Structure of value for a key that represents nested classes

First of all, I'm a complete newbie to ElasticSeach and related tools. Although 30 yrs programming, in fact this is my First project using Elasticsearch. So sorry if this is not the kind of question I should be asking here.

So, the thing is:

  • I am planning to use ElasticSearch to store a sequence of events representing activity in my application.
  • I have designed an object structure in which I will store several types of events, similar but different, in the same collection of documents.
  • Each document will have at least the following data:
{
  "id": [a sha1 Id]
  "class": [the type of event being stored]
  "version": [version of the structure of data for that event class]
  [...]
}

My question is about the "type of event" to be stored in the key "class". Let me show a partial drill-down in the event type hierarchy:

  • I am planning to store http events (users calling my web controllers) and console events (users invoking CLI application calls).
  • For http I will have normal pages and API calls. Something like http.page and http.api for example.

For pages I will render an event when the controller is creating the page and one other event when the page is being rendered, which I will know loading an event tracker URL via an ajax. something like http.page.production and http.page.consumption. For example my PHP class for this last one is named HttpPageConsumptionEvent.

In addition I have "contextualized" events, which represent the previous ones but with added data representing "who tells what", for example if "event 1 is saying 'user logged in at date XXX'" and an importer running 1 year later is transforming data it may say "the importer is saying at date YYY that event 1 said that 'user logged in at date XXX'".

That class in my PHP is named after the ContextualizedEvent suffix. For example HttpPageConsumptionContextualizedEvent.

So here's my question:

Q1) I am wondering if I should name the events in some kind of structured way as separated by dots, like for example http.page.consumption vs something wich is compact HttpPageConsumption. Will those dots help me in ulterior analysis of the data for example to place things into buckets? Or don't mind at all?

Q2) I am wondering if I should name the events in a way that it feels more natural, like adding the event word at the end like in http.page.consumption.event or it is better if I don't add any word at all, like in http.page.consumption.

Q3) In the case I add the word event in the string of the value of the class key, I wonder if it may go anywhere, like at the end, like in http.page.consumption.event or it should look like a namespace for any search-reason or anything related to grouping or aggregating, like in event.http.page.consumption to separate it from event.http.page.consumption, from event.http.api..... from event.console...... in a way that it acts like a namespace structure nesting sub-concepts after grouping words.

Q4) I wonder if I may store all the events in the same collection of documents, or it is better that I set the http in one place, the console in another... even if I place the http.page in one place and the http.api in another... or it is completely transparent from a technical point of view and neither solution will limit me when asking for complex data analysis (thru for example Kibana).

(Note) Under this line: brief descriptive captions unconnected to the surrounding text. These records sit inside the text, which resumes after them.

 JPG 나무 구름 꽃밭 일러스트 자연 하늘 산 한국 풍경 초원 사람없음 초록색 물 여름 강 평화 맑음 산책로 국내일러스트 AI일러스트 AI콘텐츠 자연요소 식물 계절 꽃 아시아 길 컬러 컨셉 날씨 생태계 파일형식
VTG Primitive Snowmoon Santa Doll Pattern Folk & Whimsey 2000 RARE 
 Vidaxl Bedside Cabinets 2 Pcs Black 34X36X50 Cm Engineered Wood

Q5) When it comes to contextualized events the same problem arises adding one more word... HttpPageConsumptionContextualizedEvent or event.contextualized.http.page.consumption or contextualized.event.http.page.consumption or contextualizedEvent.http.page.consumption...

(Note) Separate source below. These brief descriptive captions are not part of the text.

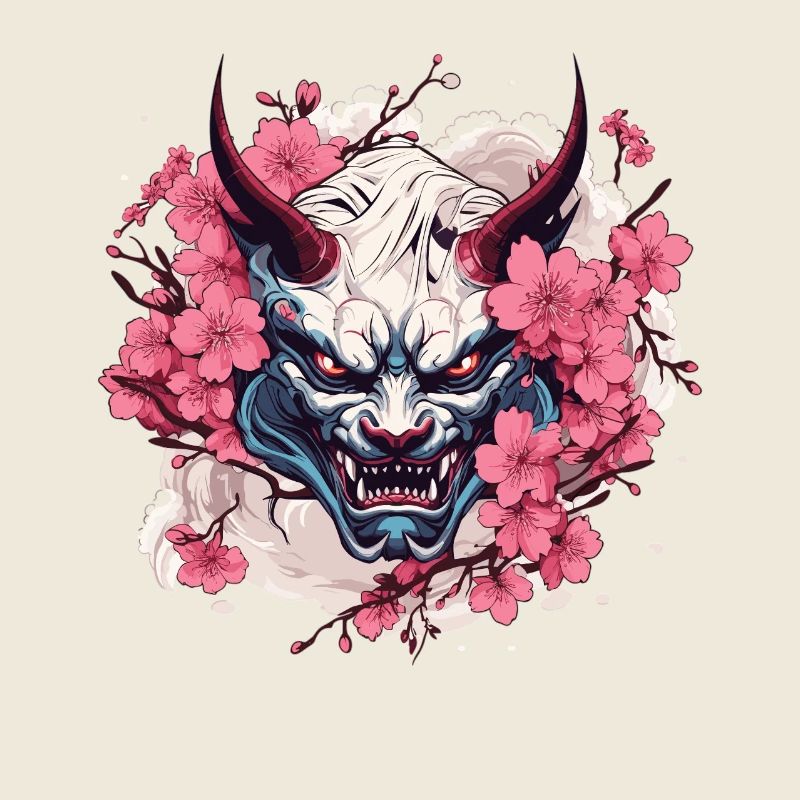 Japanischer Hannya Dämon Samurai Warrior Oni Maske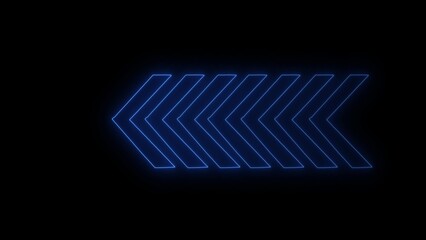 Blue Neon Chevron Arrows Pointing Left on Black Background image photo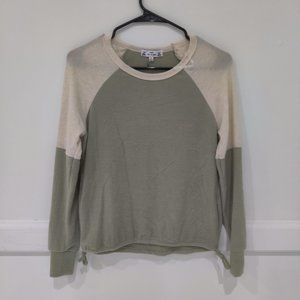 Brand New Women's Poof New York Two Tone Sweatshirt Size S Green And Cream BB285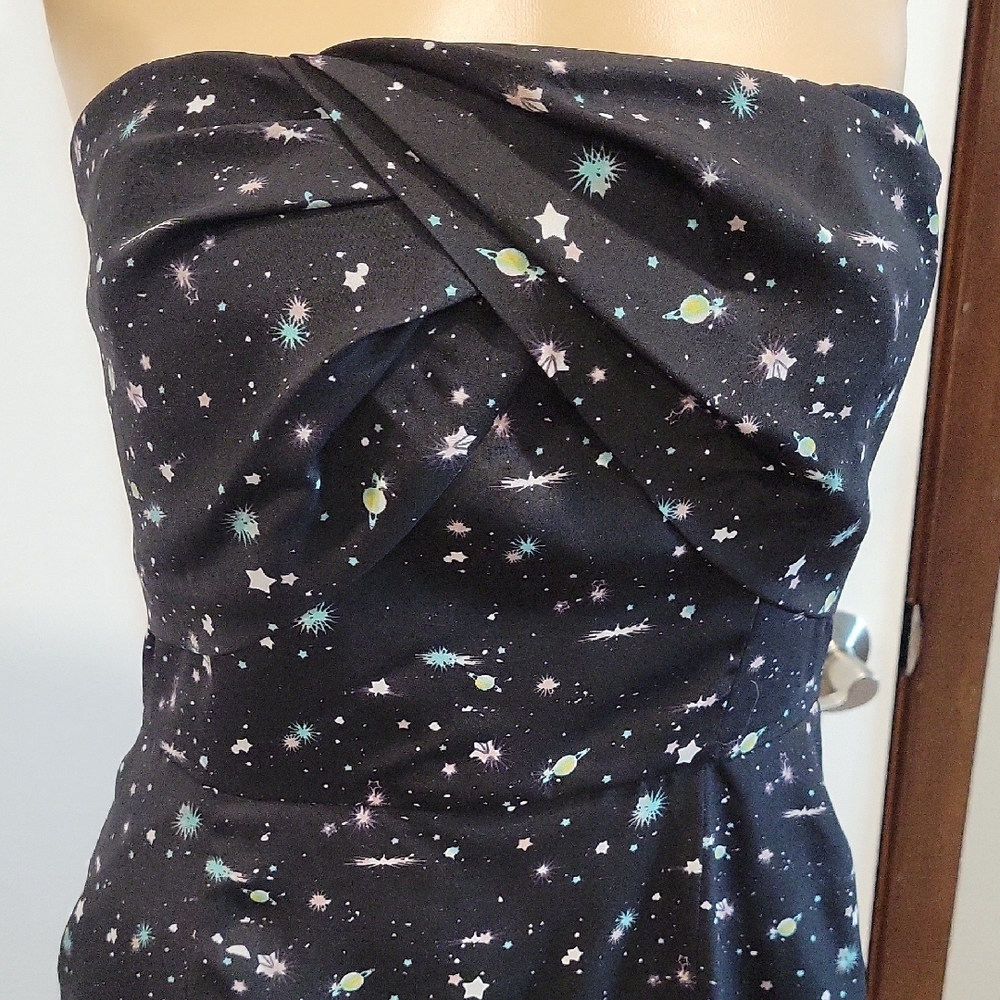 BCBGeneration Black Strapless Dress with Star Pattern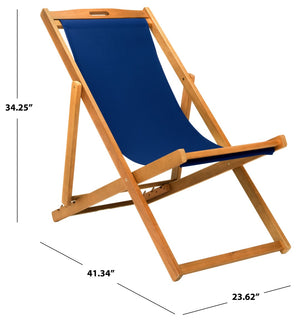 Safavieh LOREN Sling Chair - Modern Eucalyptus Design with Breathable Cushion for Stylish Outdoor Relaxation Natural / Navy PAT7040D-SET2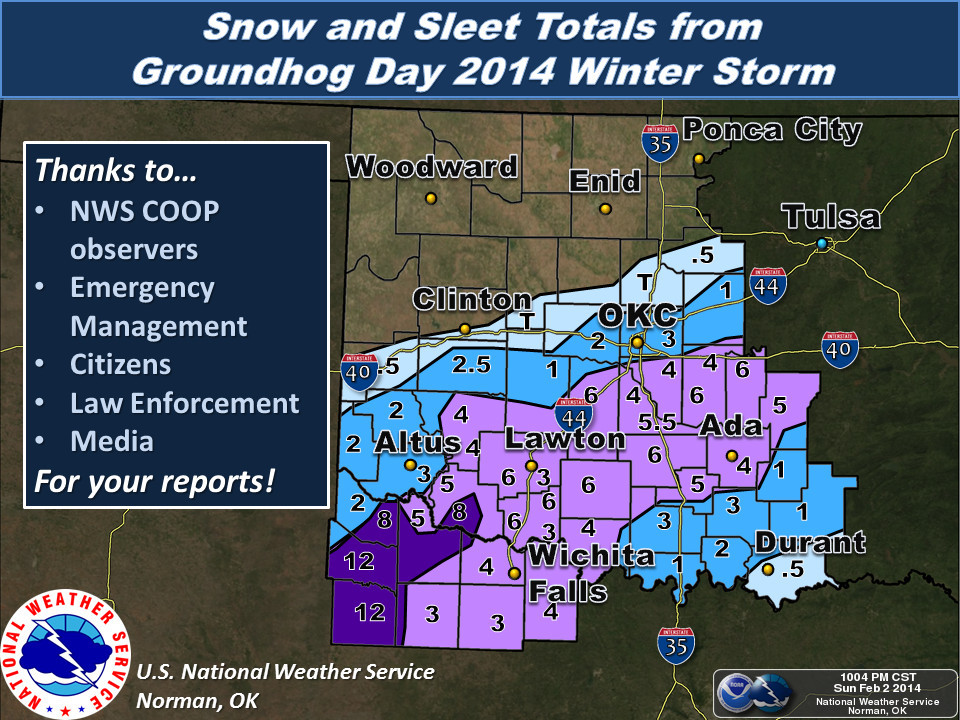 Storm Total Snowfall Amounts for the February 2, 2014 Winter Storm in Southern Oklahoma and North Texas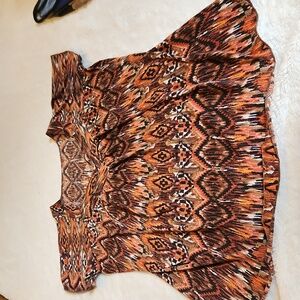Women's Short Sleeve Tops Summer Shirts Loose Casual Flowy Blouses Pleated Print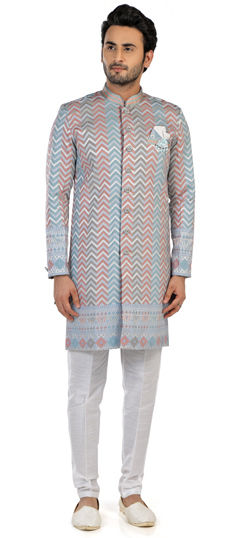 Multicolor color IndoWestern Dress in Art Silk fabric with Embroidered, Thread work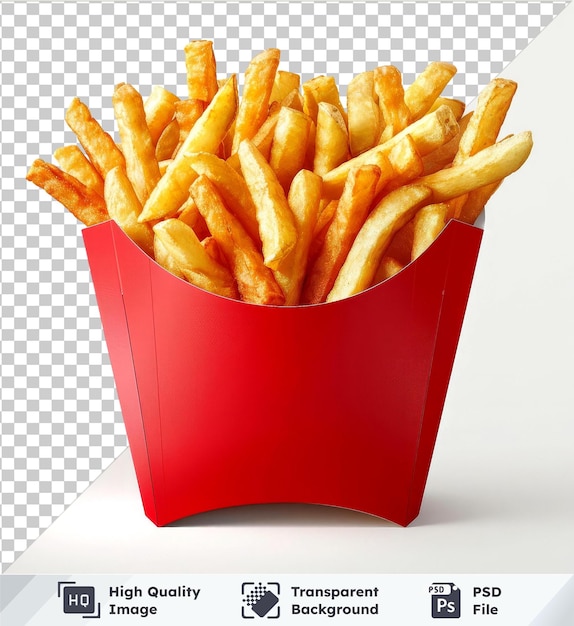 Transparent object French fries in red carton box isolated on transparent background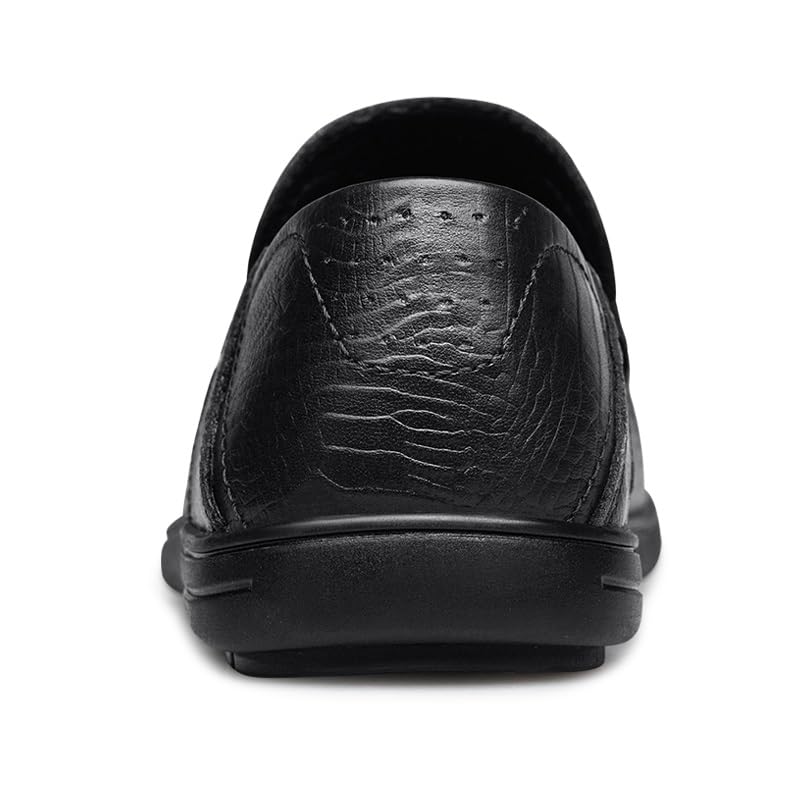 Men's Loafers Round Toe Leather Crocodile Print Loafer Shoes Lightweight Comfortable Anti-Slip Outdoor Slip-on4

Probably you guys are going to feel this is like an stupid question, but I tend to be very purist when programming and I would love to kick-off with a naming that is not limiting me later when querying.

Thanks in advance. Any tips are really very welcome.

Hi!

So sorry if this is not the kind of question I should be asking here.

That's totally the place to ask questions. Any question. Welcome!

I would use something like http/page/consumption. Why this? Because you can then benefit from the Path Tokenizer which will help you to search within the path. dot notation will work as well though as you can set delimiter to . when configuring the tokenizer.

But, I'd be curious of what would a document look like. Can you share a sample document? I'm curious of what you have in [...] actually.

Ah fantastic!! Didn't know about the Path Tokenizer thing. Seems so that writing some "namespacing" can be useful!!

About the [...] here is my full document of a contextualized event for a confirmation sent over ajax. It essentially confirms at the very end of the html <body> that everything was okey. At every page production I create a unique token used at all the internal events of the page consumption: pageView, scrillong to certain places, mouse over an important item, etc....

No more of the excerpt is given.